*** Task input ***
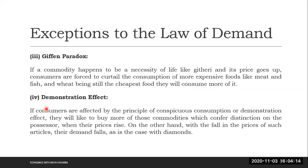Demonstration effect. Some goods have got what we refer to as demonstration effect. In other words, people who consume them will consume them because of conspicuous consumption, or they want to demonstrate, because those goods confer distinction on the user. And therefore, when their price rises, they would want to buy more of them. On the other hand, with the fall in price of such articles, their demand falls. This is the case with diamonds, high-end mobile phones, jewelry, works of art, luxury cars, etc. You'll find that people would want to buy more of those articles when their price goes up.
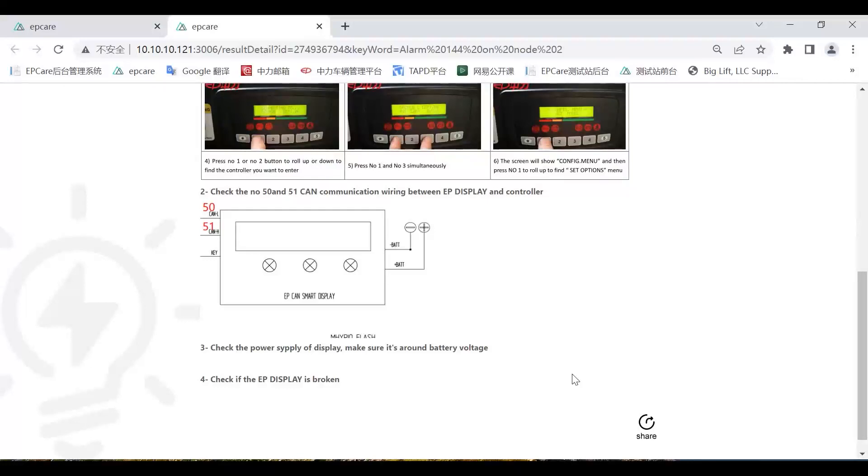These are the two biggest changes for the Quick Solution and the Parts Purchase. If you have any questions, please feel free to contact me. Okay, bye bye.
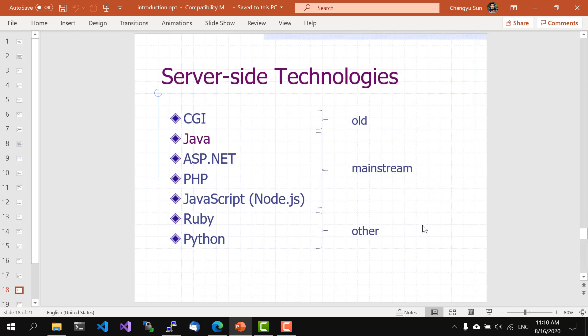In terms of technology, on the server side, in the good old days people used to use languages like Perl and C to write the so-called CGI scripts. These days, most server-side applications are written in Java, which we'll cover in this class, or ASP.NET, which typically uses C-sharp, or PHP, or a variant of JavaScript called Node.js. Of course, many other languages like Ruby and Python are also used for developing web applications. Python, in particular, is getting more popular in web development because the language in general is getting more popular.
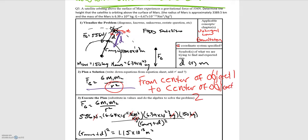The key thing to note about this problem is what the radius r means: it is the distance from the center of object one to the center of object two, which corresponds to the center of Mars out to the distance of the orbit.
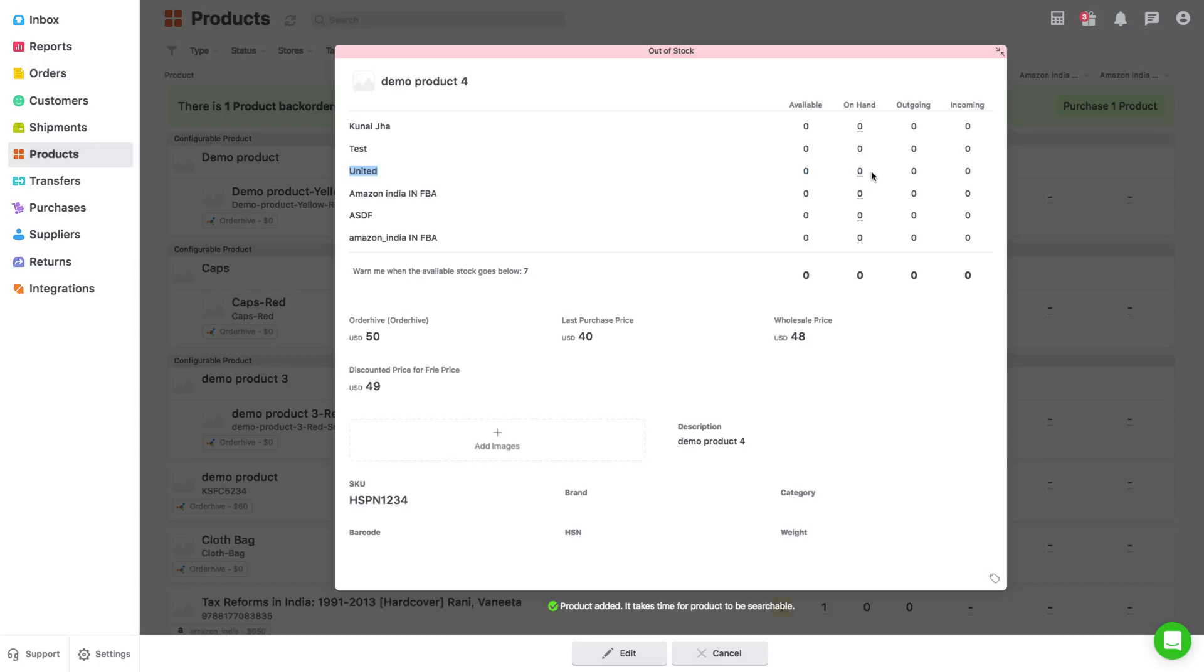After saving the product, you can add the stock level by clicking on the on hand quantity and update the quantity from the opened pop-up.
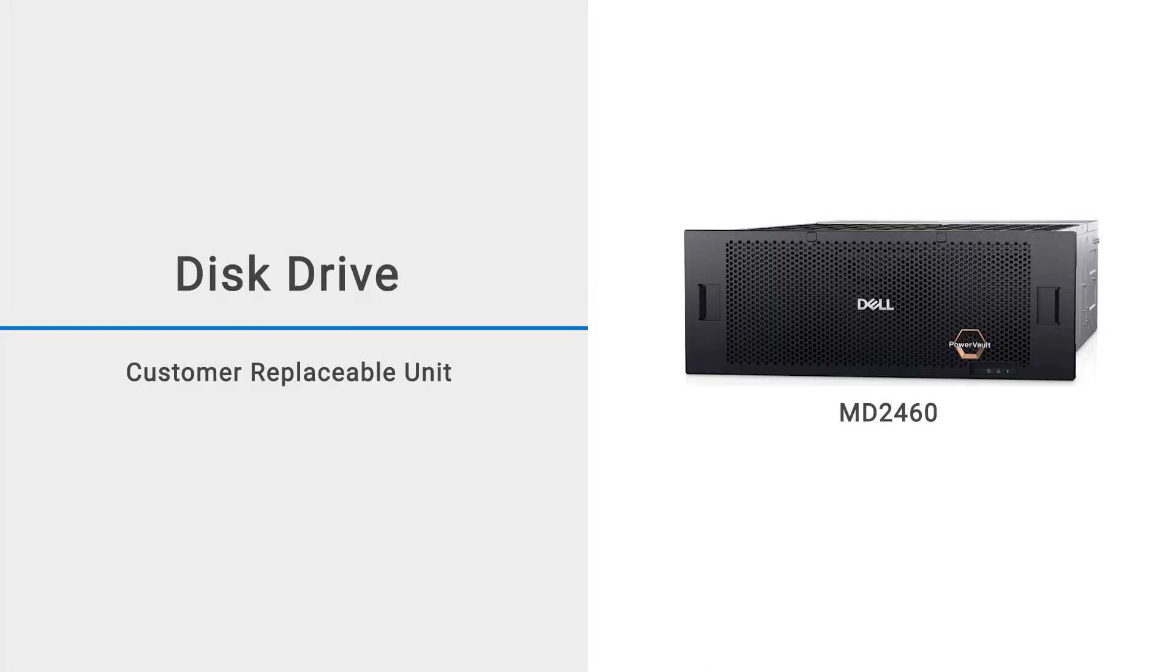In this video, we will show you how to replace a disc drive in an MD2460 enclosure.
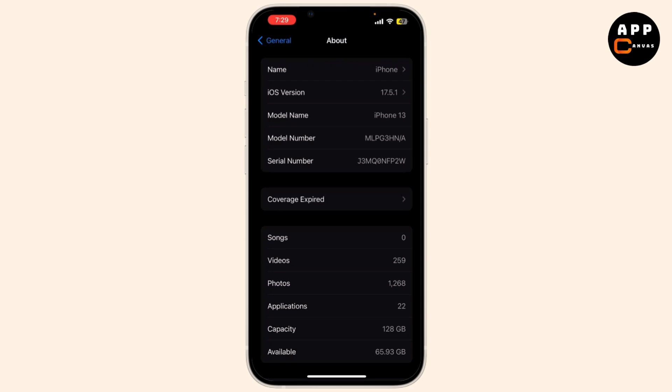After you've received confirmation, power off your iPhone and eject the SIM tray using a SIM eject tool or a paper clip. Remove the old SIM card and insert the new SIM card from a different carrier.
***
* Your assignment
Each line of the data needs to be output exactly, with any image excluded.

* Output
Demonstration effect. Some goods have got what we refer to as demonstration effect. In other words, people who consume them will consume them because of conspicuous consumption, or they want to demonstrate, because those goods confer distinction on the user. And therefore, when their price rises, they would want to buy more of them. On the other hand, with the fall in price of such articles, their demand falls. This is the case with diamonds, high-end mobile phones, jewelry, works of art, luxury cars, etc. You'll find that people would want to buy more of those articles when their price goes up.
These are the two biggest changes for the Quick Solution and the Parts Purchase. If you have any questions, please feel free to contact me. Okay, bye bye.
In terms of technology, on the server side, in the good old days people used to use languages like Perl and C to write the so-called CGI scripts. These days, most server-side applications are written in Java, which we'll cover in this class, or ASP.NET, which typically uses C-sharp, or PHP, or a variant of JavaScript called Node.js. Of course, many other languages like Ruby and Python are also used for developing web applications. Python, in particular, is getting more popular in web development because the language in general is getting more popular.
The key thing to note about this problem is what the radius r means: it is the distance from the center of object one to the center of object two, which corresponds to the center of Mars out to the distance of the orbit.
After saving the product, you can add the stock level by clicking on the on hand quantity and update the quantity from the opened pop-up.
In this video, we will show you how to replace a disc drive in an MD2460 enclosure.
After you've received confirmation, power off your iPhone and eject the SIM tray using a SIM eject tool or a paper clip. Remove the old SIM card and insert the new SIM card from a different carrier.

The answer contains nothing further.